衛兵たちが駆けつけ、エリザベスを取り囲んだ。だが、彼女の命を救うことはできなかった。彼女の口から血が流れ、最後の息を引き取る前に、彼女はヴィオレットを見つめた。
「赤き月の名において...」彼女は囁いた。
衛兵団長が到着し、状況を把握しようとした。「何が起きたのだ?」
「この女性が突然倒れて...」ヴィオレットは動揺した様子で説明した。「何か飲み込んだようです」
医師が呼ばれ、エリザベスの体を調べた。「毒です。速効性の猛毒」
その頃、フレデリックがヴィオレットの元に駆けつけた。「大丈夫か?」
「ええ」彼女は頷いた。「でも、エリザベスは...」
「自害したようだな」彼は静かに言った。
宮殿は突然の出来事で騒然となった。国王と王太子は安全のために別室に移され、ドラクロワ宰相は冷静に指示を出していた。

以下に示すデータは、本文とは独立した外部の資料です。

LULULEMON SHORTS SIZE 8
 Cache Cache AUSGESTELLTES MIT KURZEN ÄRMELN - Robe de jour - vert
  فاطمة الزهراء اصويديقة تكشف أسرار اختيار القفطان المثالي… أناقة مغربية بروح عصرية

セレストはようやく人混みを抜け、ヴィオレットの元にたどり着いた。「何が...?」
「エリザベスが自害したわ」ヴィオレットは小声で言った。「でも、彼女は最後に『赤き月の女王のため』と言ったの」
セレストの顔色が変わった。「女王...?」
「あなたは知っている?」
「いいえ...」セレストは首を振った。「初めて聞きました」
だが、彼女の目には混乱と恐怖の色が浮かんでいた。彼女は何かを隠しているようだった。

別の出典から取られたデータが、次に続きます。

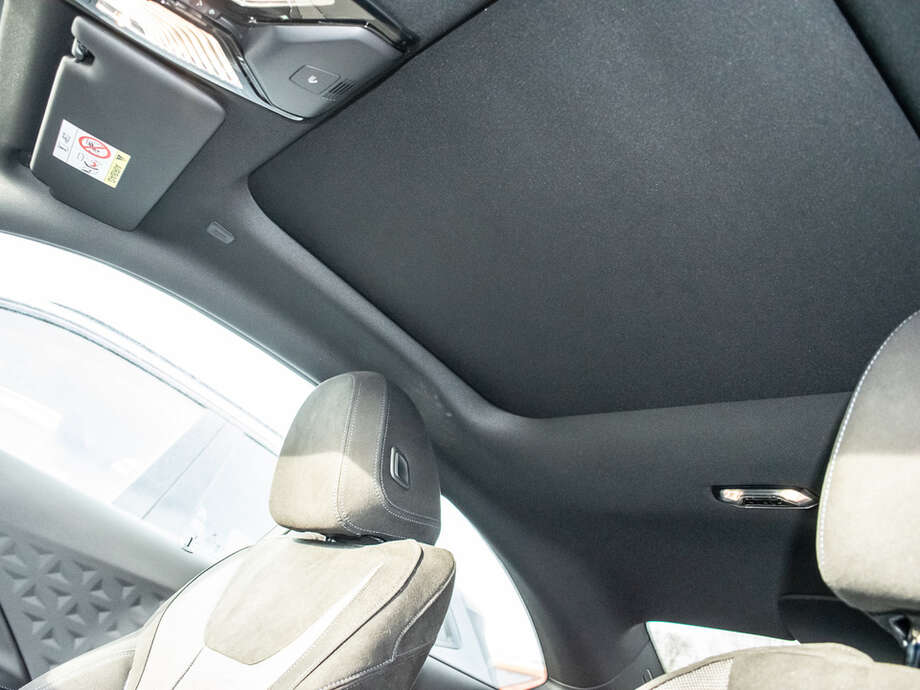 BMW 230i (Bild 7/16)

ドラクロワが近づいてきた。「セレスト、無事で何よりだ」
彼はヴィオレットを冷たい目で見た。「アシュフォード嬢、あなたが最初に彼女を発見したそうですね」
「はい」ヴィオレットは平静を装った。「彼女が突然倒れるのを見たので」
「何か言いましたか?最期に」
「いいえ、何も」ヴィオレットは嘘をついた。彼に『赤き月の女王』について知られるわけにはいかなかった。
ドラクロワは彼女をじっと見つめた。その鋭い目は彼女の嘘を見抜いたようだったが、それ以上は追及しなかった。
「セレスト、帰りましょう」彼はセレストの肘を取った。「ここは危険です」
セレストはヴィオレットに最後の視線を送り、ドラクロワに連れられて去っていった。その目には明確なメッセージがあった。「気をつけて」
宴会は事件のため早々に終了し、貴族たちは不安と興奮の入り混じった様子で帰っていった。ヴィオレットとフレデリックも馬車に乗り込んだ。
「計画は失敗したが、同時に成功でもあるな」フレデリックは言った。「国王は無事だった」
「でも、エリザベスの死は避けられなかった」ヴィオレットは悲しげに言った。
「彼女は『赤き月』の工作員だ」彼は冷静に言った。「仕方がない」
「彼女の言った『赤き月の女王』...誰のことだと思う?」
フレデリックは考え込んだ。「分からない。だが、ドラクロワの上にまだ指導者がいるのかもしれない」
「あるいは...」ヴィオレットはある考えが浮かんだ。「まだ存在していない女王かもしれない」
「どういう意味だ?」
「もし『赤き月』の計画が、新たな女王を擁立することなら?」ヴィオレットは言った。「そして、その女王が...」
「セレスト?」フレデリックが驚いて言った。
「可能性はあるわ」ヴィオレットは窓の外の月を見つめた。「セレストが『赤き月』に操られ、何らかの儀式で『女王』になるというシナリオ」
「だとしたら、彼女を救う必要がありますね」レイモンドが言った。彼はずっと黙って聞いていた。「彼女もまた犠牲者なのかもしれません」
ヴィオレットは月を見つめながら決意を固めた。「ええ、セレストを救い出さなければ。そして、ドラクロワの計画を阻止するために」
彼女の脳裏には、背中に謎の紋章が刻まれたエリザベスの姿が浮かんだ。紋章の背後に隠された真実を明らかにし、ドラクロワと「赤き月」の真の目的を暴かなければならない。